SERGE BIMPAGE/JEAN-FRANÇOIS MABUT

Le G8 se réunit du 1er au 3 juin. Une nouvelle occasion de manifester pour les altermondialistes. Deux arguments viennent en première ligne. Celui de la légitimité du G8 d'abord, qui ne représente que les pays les plus riches. Et celui de son fonctionnement ensuite, qui ne viserait qu'à renforcer ses propres intérêts tout en faisant mine de se soucier de ceux des autres. Jacques-Simon Eggly (à gauche sur la photo), conseiller national libéral, et Patrice Mugny, coprésident des Verts suisses, ont accepté de se rencontrer. Pacifiquement.
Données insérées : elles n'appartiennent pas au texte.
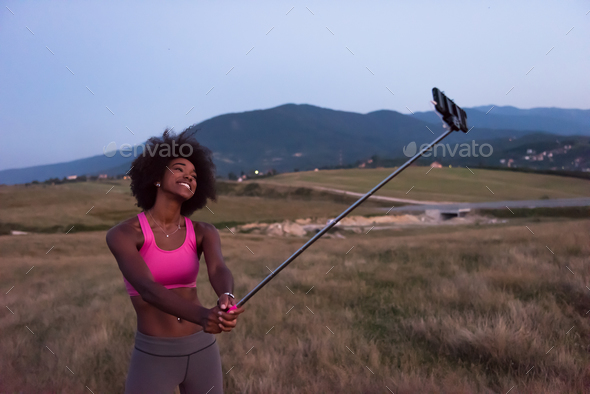 black woman photographing herself in nature - Stock Photo - Images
- Quelle est la légitimité du G8?

- Patrice Mugny. - Le G8 est composé de Gouvernements démocratiques. S'il a la légitimité de se réunir, il n'a pas celle de gouverner le monde! Le problème réside dans le fait que certains de ces gouvernements ont un pouvoir considérable. Ainsi à l'OMC, où il faut 85% des voix pour emporter une décision, les Etats-Unis en ont 17% à eux seuls. De sorte qu'ils peuvent bloquer tout ce qu'ils veulent quand ils ne sont pas d'accord. Quand les Américains alignent 400 experts, il n'y en a que quatre pour représenter plusieurs pays africains! Le rapport de force est inégal; cela pose un problème moral.

- Jacques-Simon Eggly.- Non seulement tous ces Etats ont une légitimité démocratique, mais ils en ont tout autant à se réunir pour parler des affaires du monde! Et cela, fussent-ils les pays les plus puissants économiquement! Je ne vois pas pourquoi on les disqualifierait à cause de cette puissance. Ils assument une vraie responsabilité. Il incombe au G8 - il faudrait dire au « G8 a 1 », car la Suisse est dans le coup - de favoriser les échanges qui garantissent à la fois notre propre prospérité et de meilleurs équilibres mondiaux. Ce G8 va d'ailleurs dialoguer avec bien d'autres pays que ses propres membres. Il y a aura des discussions sur les remises de dettes, l'environnement, la santé...

- Patrice Mugny.- Vous dites « notre » prospérité. Mais elle ne concerne qu'un milliard d'habitants favorisés contre cinq milliards défavorisés! On voit bien que toutes les résolutions prises ces dernières années n'ont jamais été appliquées. Les gens disent volontiers que le G8 a signé ceci ou cela à Kyoto. Or, les Etats-Unis n'ont rien signé du tout! En réalité, il se joue au G8 un drôle de jeu. Ils avaient promis de résoudre la question de la dette: ça n'est toujours pas fait. Un peu comme notre Conseil fédéral, qui annonce depuis 1992 vouloir consacrer 0,4% du PNB à l'aide au développement. Nous n'y sommes toujours pas. Prenez l'eau. Tout le monde en a besoin pour vivre. Les pays les plus puissants du monde pourraient décider que chaque citoyen y a accès.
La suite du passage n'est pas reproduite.